[Given information]

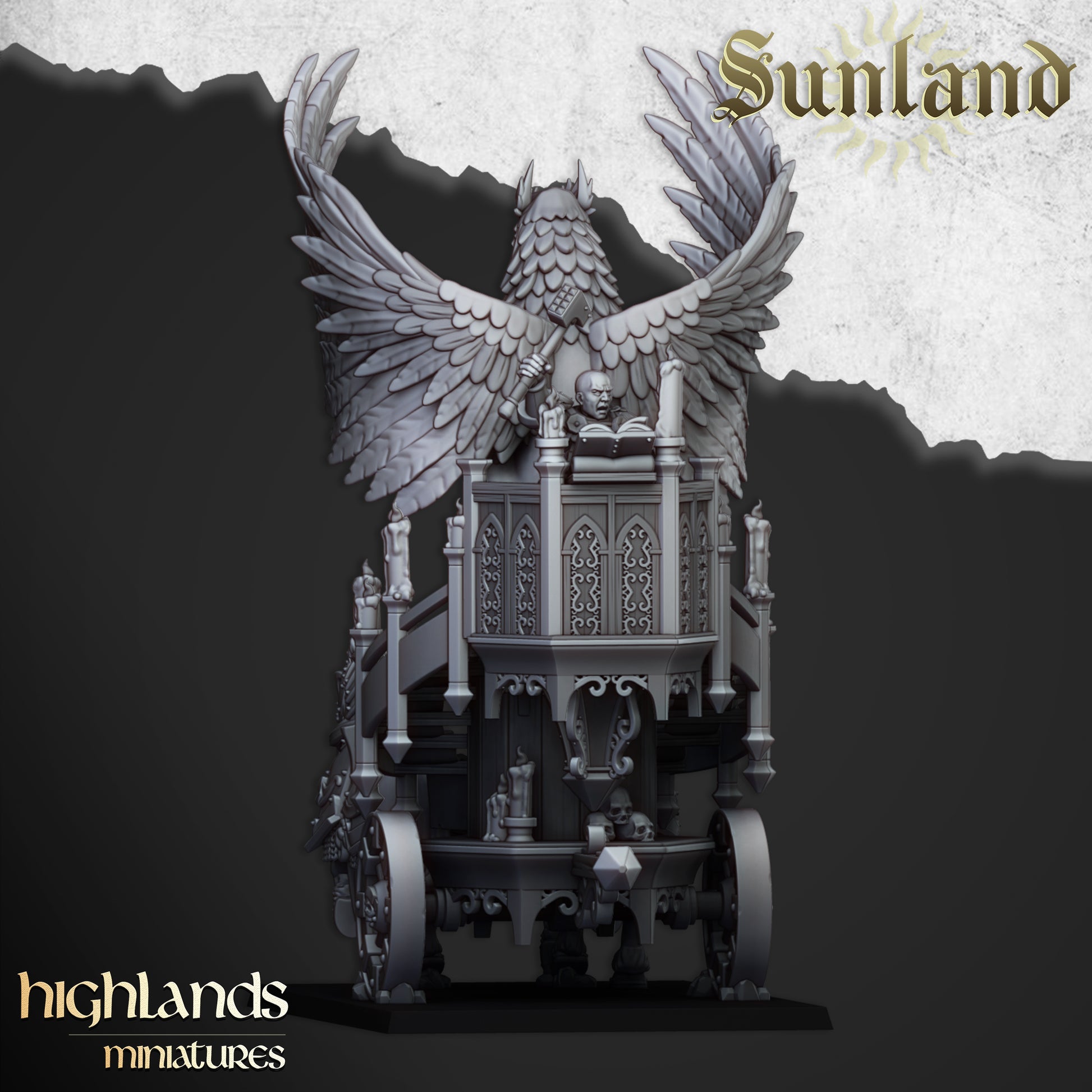 Miniatura Altar de Sunland en Carro Imperio resina 28mm sin pintar - Drakholm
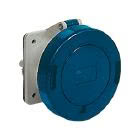 presa da incasso, serie PLUSO, 2 poli + PE, 6 h (blu), 16 A, 200 &divide; 250 V, dritta, con flagia maggiorata product photo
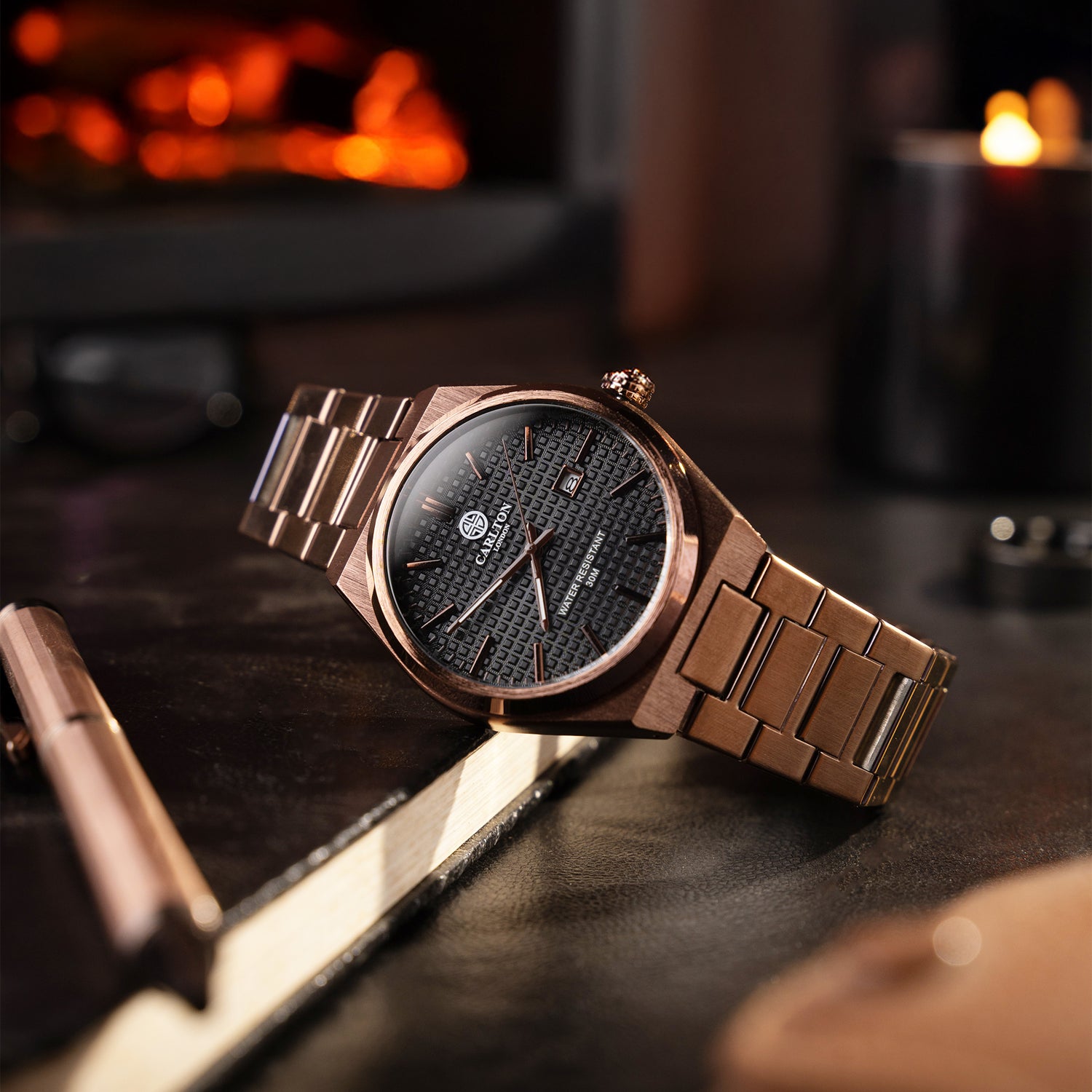 Alfred Men Brown Analog Watch CLMWT-03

[/Given information]

* Aim of the task
Only the lines from the one containing "presa da incasso, serie" through the last line of the data may appear in the answer, each given again exactly and with pictures left out.

* Expected output
 presa da incasso, serie PLUSO, 2 poli + PE, 6 h (blu), 16 A, 200 &divide; 250 V, dritta, con flagia maggiorata product photo
 Alfred Men Brown Analog Watch CLMWT-03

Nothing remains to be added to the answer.